Texas Red to miss rest of sophomore season

Texas Red, the multiple graded stakes-winning colt, will miss the remainder of his 3-year-old season with bruising to the cannon bone of his right foreleg, his connections announced Thursday.
Texas Red, who was under consideration for the Breeders’ Cup Classic, is scheduled to race again next year as a 4-year-old, according to Julie Clark, the assistant to trainer Keith Desormeaux.
Texas Red had not been back to the track to train in the 19 days since his fifth-place finish to Keen Ice in the Travers at Saratoga on Aug. 29. But it wasn’t until Thursday, when Dr. Larry Bramlage examined the colt, that the bruising was confirmed via nuclear scan.
Clark said there appeared to be an issue with Texas Red coming out of the Travers, but “it was so slight we could not pinpoint what the problem was,” she said.
Clark said Bramlage recommended some time off, and in six weeks – right after the Breeders’ Cup – Texas Red will be X-rayed again to get an idea of when he could resume training.
Clark said Bramlage told Desormeaux he “couldn’t see any reason why [Texas Red] couldn’t come back better than ever.”
Texas Red is currently stabled at Churchill Downs with a handful of other Desormeaux-trained horses. When those horses move to Keeneland in a few weeks, Texas Red likely will relocate to a farm to convalesce.

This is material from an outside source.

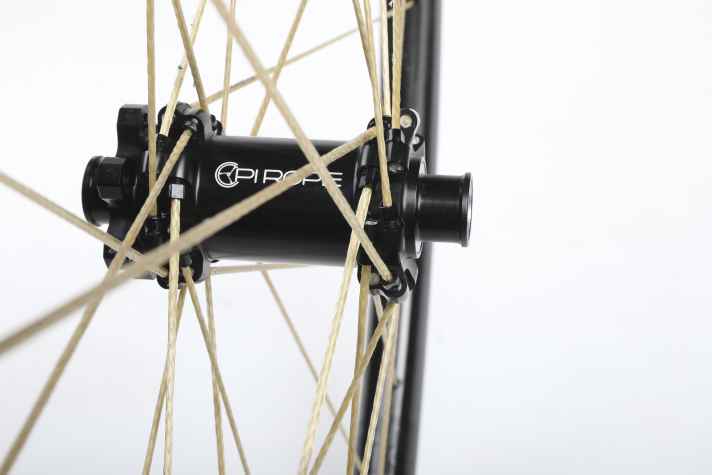 The Vectran spokes require special hubs. These come from Newmen.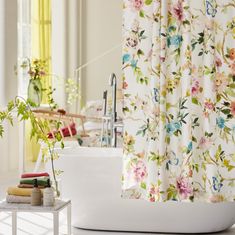 a white sink sitting next to a bath tub in a bathroom under a shower curtain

Erich Brehm Jr., one of the owners of Texas Red, first announced on Twitter that Texas Red would be out for the remainder of the year.
Texas Red, who dominated the Breeders’ Cup Juvenile by 6 1/2 lengths at Santa Anita last November, missed this year’s Triple Crown series due to a foot abscess discovered after a second-place finish in the San Vicente Stakes in February. He returned in the Grade 3 Dwyer Stakes on July 4 at Belmont, where he finished second to Speightster.
Texas Red then beat Frosted in the Grade 2 Jim Dandy Stakes at Saratoga on Aug. 2 before finishing fifth, beaten 11 1/2 lengths, in the Travers.